** Opening RECORDS PROVIDED block **

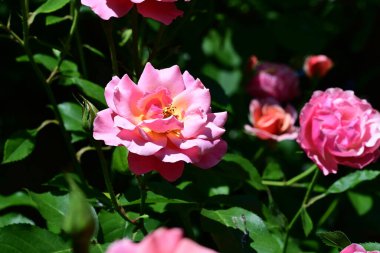 Narin dokuları olan canlı gül çalısı.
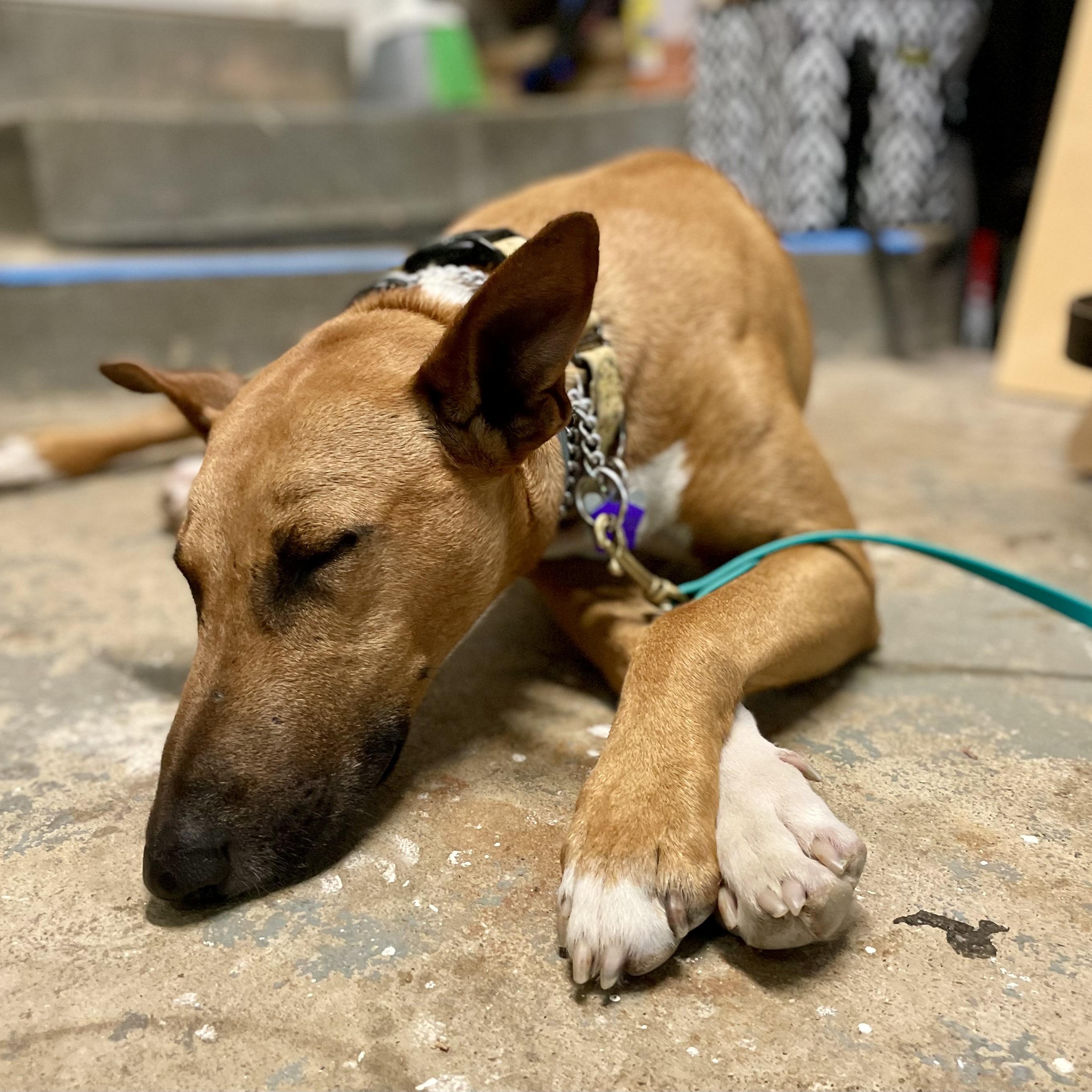 Hugo, a Adopted mixed breed in Manassas, VA image 3/4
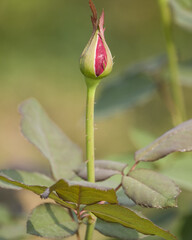 Vertical shot of a pink rose cocoon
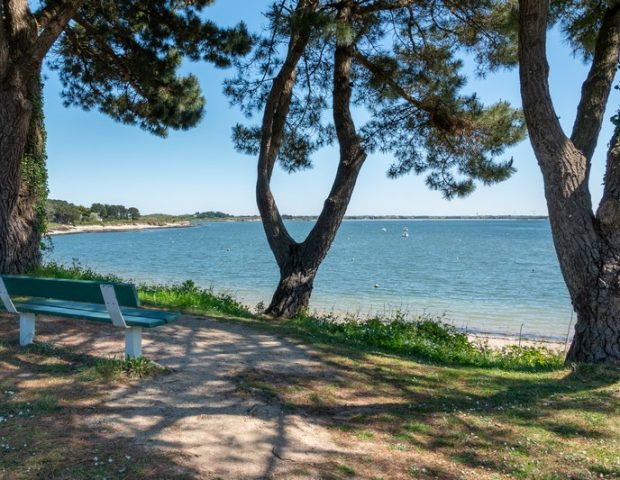 grand-plage-sauvage-banc-1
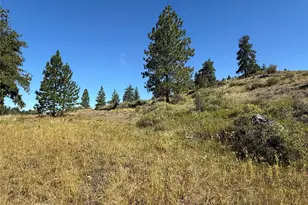 0 Lot 12 Lambert Mt Rd, Republic, WA 99166 - Photo 23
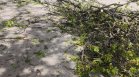 Ветрове със скорост почти 90 км/ч събориха дървета в Русенско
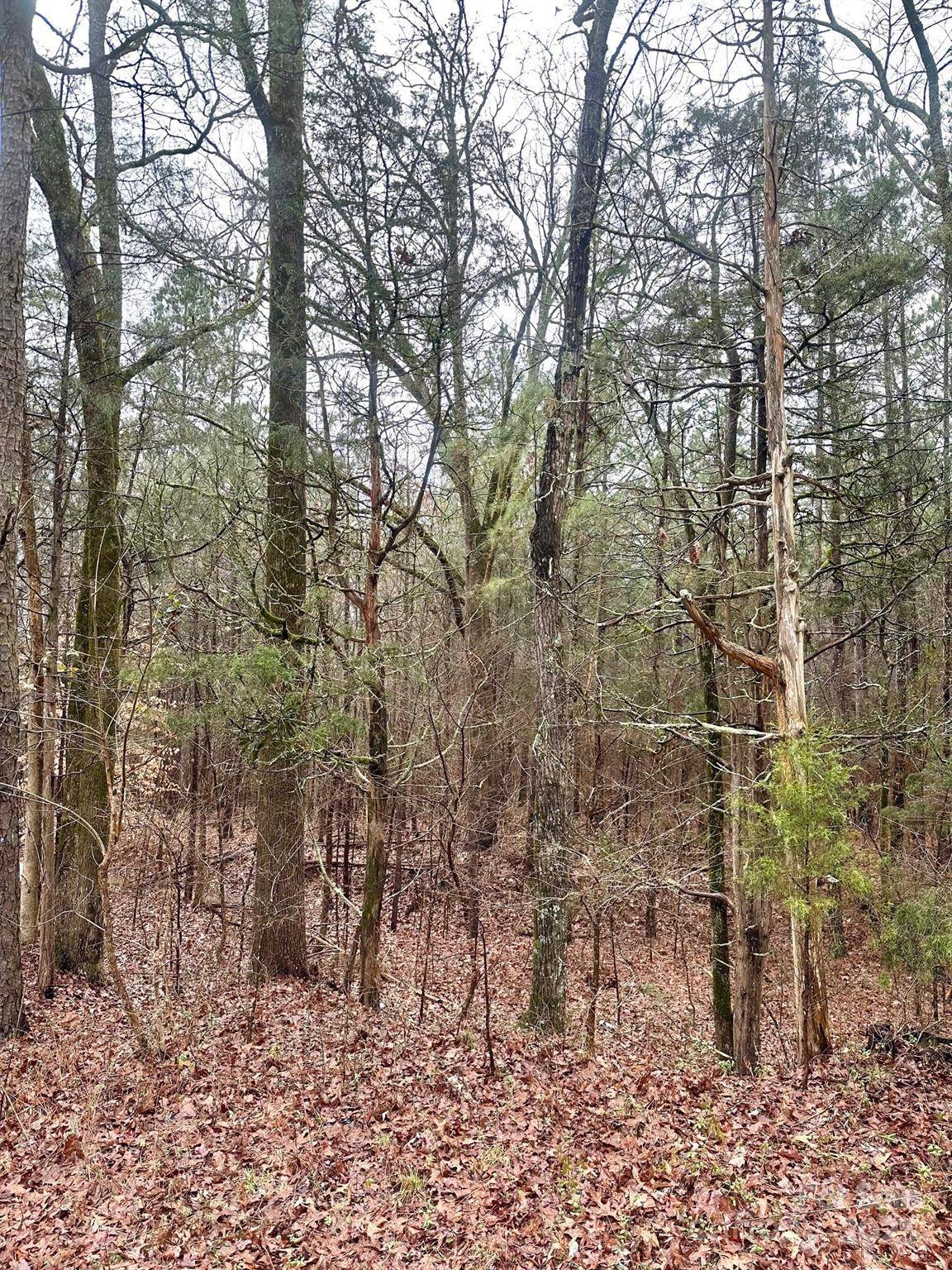 1176 Great Falls HWY, Chester, SC 29706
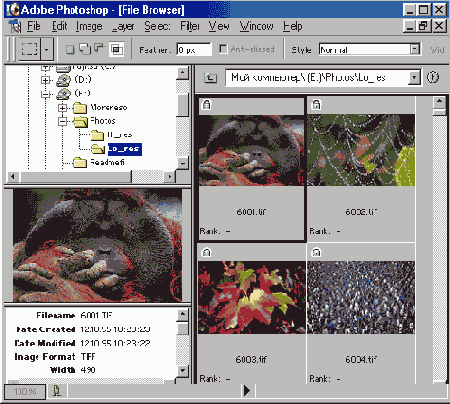   Adobe Photoshop 7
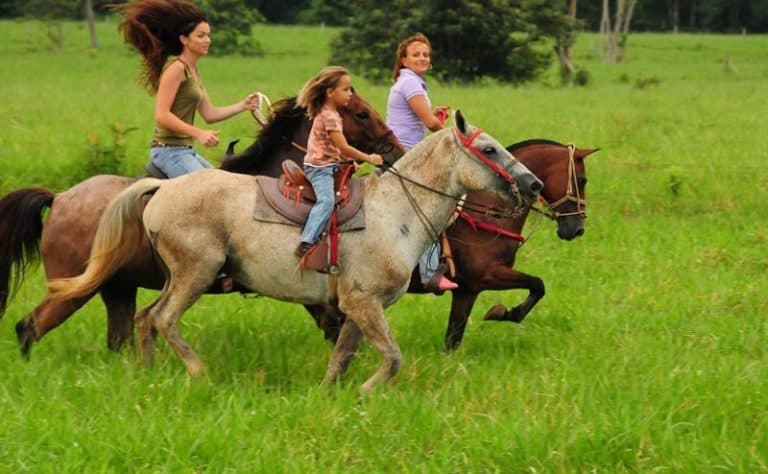 Horseback Riding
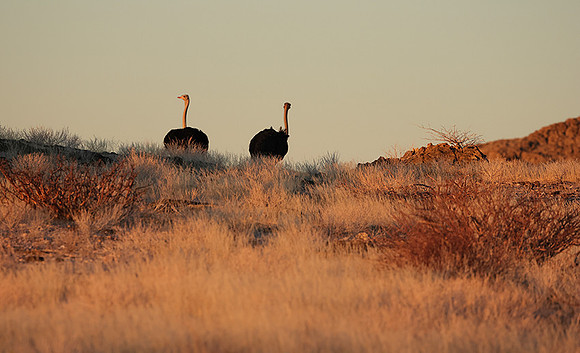 Damaraland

** Closing RECORDS PROVIDED block **

WHAT TO DO: Word for word, print all of the data; skip the pictures.

EXERCISE ANSWER:
 Narin dokuları olan canlı gül çalısı.
 Hugo, a Adopted mixed breed in Manassas, VA image 3/4
 Vertical shot of a pink rose cocoon
 grand-plage-sauvage-banc-1
 0 Lot 12 Lambert Mt Rd, Republic, WA 99166 - Photo 23
 Ветрове със скорост почти 90 км/ч събориха дървета в Русенско
 1176 Great Falls HWY, Chester, SC 29706
   Adobe Photoshop 7
 Horseback Riding
 Damaraland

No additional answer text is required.